Unfortunately, less than 5 minutes after we sat down, the rain started (the forecast had called for rain but not until Saturday). Great, we finally found a place that let us in, we just sat down and now we have to drink fast and get back to the train. Not so fast! Apparently the Germans know the concept of keeping customers in their seats – not 30 seconds after the rain started the waiters were Johnny-on-the-spot, quickly passing out ponchos! Yes it was raining hard, but how could we leave after that?
After hanging out in the beer garden for an hour or two and meeting plenty of colorful people, the Dutchmen were hungry so we tagged along to find some food. We split a whole roasted duck between us (delicious!) and they quickly decided it was time to get into a tent. We were skeptical of course, but what are you going to do, not try? Apparently they had the inside scoop that a couple tents stay open late and that people tend to clear out towards the end of the night when they’ve had a little too much, uh, fun. Sure, sounds like a plan. We made our way over to the Lowenbrau tent and stood outside one of the exits looking as pathetic and eager as possible in front of the security guys. Owen and Joost were chatting it up with them, but with about 20 other eager people at our door (and 20 at each of the other 8 doors) we weren’t too optimistic. That’s when it happened. Out of seemingly nowhere, one of the waitresses came up to the door and told the security guards that the five of us have a place at a table. What?! The security guards (who are on a serious power trip) didn’t even want to believe it. It was true though – we got in the tent!

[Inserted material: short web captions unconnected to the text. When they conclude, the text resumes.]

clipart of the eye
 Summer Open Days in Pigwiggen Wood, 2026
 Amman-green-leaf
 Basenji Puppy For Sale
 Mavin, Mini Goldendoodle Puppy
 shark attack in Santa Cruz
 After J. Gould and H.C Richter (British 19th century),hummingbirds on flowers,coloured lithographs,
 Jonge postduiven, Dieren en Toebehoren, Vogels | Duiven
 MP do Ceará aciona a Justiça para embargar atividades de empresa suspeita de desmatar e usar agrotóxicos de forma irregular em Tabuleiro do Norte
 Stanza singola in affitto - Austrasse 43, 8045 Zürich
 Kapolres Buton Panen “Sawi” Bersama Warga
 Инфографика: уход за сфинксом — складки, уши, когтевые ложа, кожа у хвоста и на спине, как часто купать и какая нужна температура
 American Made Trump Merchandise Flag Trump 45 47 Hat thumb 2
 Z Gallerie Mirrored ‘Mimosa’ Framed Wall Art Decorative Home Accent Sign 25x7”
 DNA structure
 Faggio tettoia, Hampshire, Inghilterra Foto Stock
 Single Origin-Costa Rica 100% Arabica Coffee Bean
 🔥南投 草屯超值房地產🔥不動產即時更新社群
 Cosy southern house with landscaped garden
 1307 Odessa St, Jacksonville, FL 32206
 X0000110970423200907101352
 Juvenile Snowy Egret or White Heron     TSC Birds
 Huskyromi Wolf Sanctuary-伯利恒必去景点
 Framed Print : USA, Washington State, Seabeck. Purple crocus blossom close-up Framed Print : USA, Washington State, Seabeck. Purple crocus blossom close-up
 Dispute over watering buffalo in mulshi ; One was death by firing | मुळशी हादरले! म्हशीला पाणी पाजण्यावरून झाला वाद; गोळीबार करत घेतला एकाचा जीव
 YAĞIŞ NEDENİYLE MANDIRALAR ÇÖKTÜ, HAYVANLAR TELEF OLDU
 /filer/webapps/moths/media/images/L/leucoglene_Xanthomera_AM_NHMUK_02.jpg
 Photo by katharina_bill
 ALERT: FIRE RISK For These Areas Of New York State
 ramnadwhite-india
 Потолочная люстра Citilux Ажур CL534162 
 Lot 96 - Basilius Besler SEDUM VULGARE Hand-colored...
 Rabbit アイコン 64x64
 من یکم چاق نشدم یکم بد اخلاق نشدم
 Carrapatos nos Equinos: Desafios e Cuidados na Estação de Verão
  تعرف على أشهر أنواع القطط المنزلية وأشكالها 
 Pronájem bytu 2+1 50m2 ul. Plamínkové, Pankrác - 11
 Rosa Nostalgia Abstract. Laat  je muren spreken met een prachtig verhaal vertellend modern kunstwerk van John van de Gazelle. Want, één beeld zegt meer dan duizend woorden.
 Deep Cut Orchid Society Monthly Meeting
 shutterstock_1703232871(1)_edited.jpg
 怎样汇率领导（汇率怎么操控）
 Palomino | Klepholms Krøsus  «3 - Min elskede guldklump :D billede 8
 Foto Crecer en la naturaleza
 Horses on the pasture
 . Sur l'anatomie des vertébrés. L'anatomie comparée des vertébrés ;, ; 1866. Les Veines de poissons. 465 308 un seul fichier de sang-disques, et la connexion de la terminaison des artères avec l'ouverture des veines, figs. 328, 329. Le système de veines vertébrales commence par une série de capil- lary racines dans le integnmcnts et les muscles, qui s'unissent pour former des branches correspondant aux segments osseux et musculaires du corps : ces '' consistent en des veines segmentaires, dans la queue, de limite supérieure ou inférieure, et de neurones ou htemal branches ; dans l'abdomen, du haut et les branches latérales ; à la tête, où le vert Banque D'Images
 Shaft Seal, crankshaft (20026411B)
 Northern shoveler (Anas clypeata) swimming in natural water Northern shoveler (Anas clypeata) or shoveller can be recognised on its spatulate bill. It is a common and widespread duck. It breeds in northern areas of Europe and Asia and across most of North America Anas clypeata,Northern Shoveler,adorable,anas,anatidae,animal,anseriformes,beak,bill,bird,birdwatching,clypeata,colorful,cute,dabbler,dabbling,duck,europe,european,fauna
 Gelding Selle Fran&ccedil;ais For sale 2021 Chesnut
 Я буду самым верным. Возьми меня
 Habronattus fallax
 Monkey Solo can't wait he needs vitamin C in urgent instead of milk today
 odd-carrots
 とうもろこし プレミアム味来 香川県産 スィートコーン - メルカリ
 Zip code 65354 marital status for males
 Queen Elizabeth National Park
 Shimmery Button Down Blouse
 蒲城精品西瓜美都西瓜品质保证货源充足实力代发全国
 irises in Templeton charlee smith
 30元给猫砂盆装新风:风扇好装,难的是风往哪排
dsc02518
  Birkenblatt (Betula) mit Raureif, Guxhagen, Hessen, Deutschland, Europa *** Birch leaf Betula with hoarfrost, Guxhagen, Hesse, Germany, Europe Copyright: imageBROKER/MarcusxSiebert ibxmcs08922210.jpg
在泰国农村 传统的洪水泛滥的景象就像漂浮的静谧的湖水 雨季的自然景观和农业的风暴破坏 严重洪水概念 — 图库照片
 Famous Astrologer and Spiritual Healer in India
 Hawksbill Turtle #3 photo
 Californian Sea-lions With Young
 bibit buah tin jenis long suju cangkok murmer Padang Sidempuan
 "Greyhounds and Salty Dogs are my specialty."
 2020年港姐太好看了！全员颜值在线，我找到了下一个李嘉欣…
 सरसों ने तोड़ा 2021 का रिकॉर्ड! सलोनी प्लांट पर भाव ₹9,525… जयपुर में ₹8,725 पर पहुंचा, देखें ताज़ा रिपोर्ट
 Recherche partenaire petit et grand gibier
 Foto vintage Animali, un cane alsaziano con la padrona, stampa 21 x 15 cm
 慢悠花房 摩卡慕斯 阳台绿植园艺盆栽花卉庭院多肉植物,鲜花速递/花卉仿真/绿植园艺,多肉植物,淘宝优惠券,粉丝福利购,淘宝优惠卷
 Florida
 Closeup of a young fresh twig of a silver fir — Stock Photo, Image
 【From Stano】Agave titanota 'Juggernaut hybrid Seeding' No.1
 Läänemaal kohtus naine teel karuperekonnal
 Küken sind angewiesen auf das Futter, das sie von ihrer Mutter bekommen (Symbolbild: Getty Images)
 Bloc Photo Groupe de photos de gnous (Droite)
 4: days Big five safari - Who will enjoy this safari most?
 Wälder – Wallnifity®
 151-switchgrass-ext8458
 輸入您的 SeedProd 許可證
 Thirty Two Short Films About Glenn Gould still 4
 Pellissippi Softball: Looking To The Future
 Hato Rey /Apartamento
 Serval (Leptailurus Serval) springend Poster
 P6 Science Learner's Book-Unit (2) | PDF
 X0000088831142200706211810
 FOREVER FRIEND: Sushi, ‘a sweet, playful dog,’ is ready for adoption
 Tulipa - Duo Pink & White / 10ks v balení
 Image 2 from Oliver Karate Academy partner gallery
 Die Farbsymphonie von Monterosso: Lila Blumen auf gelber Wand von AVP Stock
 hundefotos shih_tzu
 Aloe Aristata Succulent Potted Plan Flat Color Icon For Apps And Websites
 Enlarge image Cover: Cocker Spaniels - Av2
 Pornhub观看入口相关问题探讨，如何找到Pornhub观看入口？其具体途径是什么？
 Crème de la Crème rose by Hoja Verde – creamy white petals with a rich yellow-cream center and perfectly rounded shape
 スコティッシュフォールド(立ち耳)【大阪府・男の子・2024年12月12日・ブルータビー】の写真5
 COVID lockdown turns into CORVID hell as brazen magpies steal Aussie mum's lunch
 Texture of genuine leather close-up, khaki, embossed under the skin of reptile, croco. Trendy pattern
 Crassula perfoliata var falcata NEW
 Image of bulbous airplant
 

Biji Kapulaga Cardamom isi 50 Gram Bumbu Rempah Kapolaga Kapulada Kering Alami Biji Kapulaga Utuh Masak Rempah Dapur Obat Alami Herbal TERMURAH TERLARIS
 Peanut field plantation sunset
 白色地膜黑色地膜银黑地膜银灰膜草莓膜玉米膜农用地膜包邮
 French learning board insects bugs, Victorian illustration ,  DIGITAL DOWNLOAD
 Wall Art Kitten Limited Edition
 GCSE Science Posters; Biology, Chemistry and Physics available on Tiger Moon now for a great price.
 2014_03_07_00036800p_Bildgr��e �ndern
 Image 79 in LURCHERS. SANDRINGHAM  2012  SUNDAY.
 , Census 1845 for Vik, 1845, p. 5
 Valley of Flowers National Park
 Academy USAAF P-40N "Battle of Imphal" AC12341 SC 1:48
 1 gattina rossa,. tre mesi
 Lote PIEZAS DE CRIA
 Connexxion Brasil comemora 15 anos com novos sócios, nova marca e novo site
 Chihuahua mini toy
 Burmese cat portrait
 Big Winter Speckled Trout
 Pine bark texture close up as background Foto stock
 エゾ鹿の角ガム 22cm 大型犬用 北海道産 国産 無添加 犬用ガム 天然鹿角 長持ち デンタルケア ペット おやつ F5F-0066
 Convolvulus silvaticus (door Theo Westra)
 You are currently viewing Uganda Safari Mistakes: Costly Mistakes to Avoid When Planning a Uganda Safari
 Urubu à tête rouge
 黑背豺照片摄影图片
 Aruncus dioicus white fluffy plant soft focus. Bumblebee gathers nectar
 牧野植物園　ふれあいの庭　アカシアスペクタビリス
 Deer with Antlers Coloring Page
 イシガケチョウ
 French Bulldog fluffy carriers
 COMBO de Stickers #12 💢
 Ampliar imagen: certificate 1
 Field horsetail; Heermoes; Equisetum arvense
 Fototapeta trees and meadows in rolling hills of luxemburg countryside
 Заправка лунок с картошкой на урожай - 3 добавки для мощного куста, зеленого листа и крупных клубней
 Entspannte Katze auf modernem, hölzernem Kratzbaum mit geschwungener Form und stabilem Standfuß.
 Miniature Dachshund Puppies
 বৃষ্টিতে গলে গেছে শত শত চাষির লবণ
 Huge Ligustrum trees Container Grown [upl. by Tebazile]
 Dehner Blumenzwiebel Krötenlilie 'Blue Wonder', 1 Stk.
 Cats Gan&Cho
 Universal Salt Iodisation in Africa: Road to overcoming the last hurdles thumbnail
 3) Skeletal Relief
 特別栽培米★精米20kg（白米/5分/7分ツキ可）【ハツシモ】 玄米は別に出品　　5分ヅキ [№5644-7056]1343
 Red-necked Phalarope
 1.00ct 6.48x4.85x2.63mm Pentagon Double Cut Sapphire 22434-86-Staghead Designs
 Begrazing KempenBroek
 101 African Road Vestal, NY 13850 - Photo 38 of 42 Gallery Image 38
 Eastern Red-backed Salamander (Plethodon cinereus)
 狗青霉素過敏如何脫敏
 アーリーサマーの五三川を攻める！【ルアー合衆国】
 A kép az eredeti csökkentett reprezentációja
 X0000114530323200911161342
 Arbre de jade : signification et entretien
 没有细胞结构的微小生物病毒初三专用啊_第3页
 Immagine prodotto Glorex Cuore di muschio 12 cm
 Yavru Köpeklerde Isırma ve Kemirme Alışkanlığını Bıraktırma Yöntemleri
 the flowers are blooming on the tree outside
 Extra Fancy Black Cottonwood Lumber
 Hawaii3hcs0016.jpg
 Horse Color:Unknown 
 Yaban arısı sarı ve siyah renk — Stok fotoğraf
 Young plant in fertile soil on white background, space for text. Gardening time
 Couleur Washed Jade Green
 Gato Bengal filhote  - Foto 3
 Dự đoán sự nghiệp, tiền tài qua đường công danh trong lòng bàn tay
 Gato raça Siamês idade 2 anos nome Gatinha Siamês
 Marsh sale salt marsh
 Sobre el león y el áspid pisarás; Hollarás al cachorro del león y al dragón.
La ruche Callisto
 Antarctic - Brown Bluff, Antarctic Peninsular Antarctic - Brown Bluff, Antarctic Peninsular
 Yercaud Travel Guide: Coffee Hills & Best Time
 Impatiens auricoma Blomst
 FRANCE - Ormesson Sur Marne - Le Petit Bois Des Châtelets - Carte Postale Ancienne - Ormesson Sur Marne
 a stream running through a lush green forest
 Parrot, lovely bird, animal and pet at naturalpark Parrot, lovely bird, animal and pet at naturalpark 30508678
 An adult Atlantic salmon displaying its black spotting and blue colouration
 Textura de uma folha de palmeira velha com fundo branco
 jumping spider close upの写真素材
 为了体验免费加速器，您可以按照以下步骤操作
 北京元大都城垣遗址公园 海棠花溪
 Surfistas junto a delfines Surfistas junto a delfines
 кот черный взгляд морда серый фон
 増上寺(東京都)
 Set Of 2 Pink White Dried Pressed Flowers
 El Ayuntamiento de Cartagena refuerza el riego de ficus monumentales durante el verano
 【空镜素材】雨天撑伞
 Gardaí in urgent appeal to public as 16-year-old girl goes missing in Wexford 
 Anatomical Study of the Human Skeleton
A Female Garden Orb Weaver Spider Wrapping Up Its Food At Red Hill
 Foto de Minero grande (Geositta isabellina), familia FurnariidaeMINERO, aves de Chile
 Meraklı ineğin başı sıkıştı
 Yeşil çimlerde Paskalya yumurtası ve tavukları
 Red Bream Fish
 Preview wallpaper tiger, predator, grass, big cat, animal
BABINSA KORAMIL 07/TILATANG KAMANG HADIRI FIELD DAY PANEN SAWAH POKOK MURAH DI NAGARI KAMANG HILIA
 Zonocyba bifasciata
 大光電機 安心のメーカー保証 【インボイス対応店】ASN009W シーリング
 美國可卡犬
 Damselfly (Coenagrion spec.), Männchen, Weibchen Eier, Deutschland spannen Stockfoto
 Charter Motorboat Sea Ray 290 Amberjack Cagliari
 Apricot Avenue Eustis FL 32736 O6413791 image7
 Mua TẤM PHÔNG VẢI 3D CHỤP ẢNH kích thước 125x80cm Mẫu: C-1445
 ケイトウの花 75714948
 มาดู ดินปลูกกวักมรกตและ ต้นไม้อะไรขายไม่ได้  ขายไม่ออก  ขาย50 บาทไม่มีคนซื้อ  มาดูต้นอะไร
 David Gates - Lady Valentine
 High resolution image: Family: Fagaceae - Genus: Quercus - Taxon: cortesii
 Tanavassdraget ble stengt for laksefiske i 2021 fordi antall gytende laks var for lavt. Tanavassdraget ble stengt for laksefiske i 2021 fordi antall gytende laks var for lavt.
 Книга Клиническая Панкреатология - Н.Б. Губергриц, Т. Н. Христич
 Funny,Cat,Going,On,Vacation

At around 11pm they kicked everyone out. Our Dutch friends invited us for the after-party, but we were exhausted and Dave was still feeling under the weather and wanted to make sure he had a little strength for the next day. We left that night excited that we had met some great friends, gotten into a tent and perhaps more excited that we didn’t have to get up early the next morning!
On Saturday we decided to spend a little time outside of the festival and see some of the Munich sites. We got into the Munich city center and quickly fell in love with the architecture that surrounded us. Right outside the subway stop is Neues Rathaus ("New Town Hall"-- photo to the left), magnificent to say the least. We wandered around a little bit, stopping for lunch which included 6 types of German sausage along with pork knuckle (better than it sounds).
One of the most historically significant places we visited was the Hofbräuhaus, known as where the Nazi party was started. We’re not sure if there is a secret back room where all the chicanery happened, because the house is just another large beer hall! This place was clearly more traditional-German than the tent we visited the night before. They had great authentic German songs being played by what looked to be authentic instruments. There was even a whip show (see below)! We stayed for awhile at the Hofbräuhaus then headed out to the festival to meet our Dutch friends-- they had invited us back out to the Lowenbrau tent from the night before.
Ang did well with the beer, even though it was not Mexican beer and there were no limes at her disposal. Dave made sure to spoil her though with an abundance of giant pretzels (we had 5 over the course of 3 days). It’s the simple things that make her happy and Dave appreciates that every day. :)
So, that’s Munich – a great city to visit with or without Oktoberfest. We will clearly be going back for lots more fun!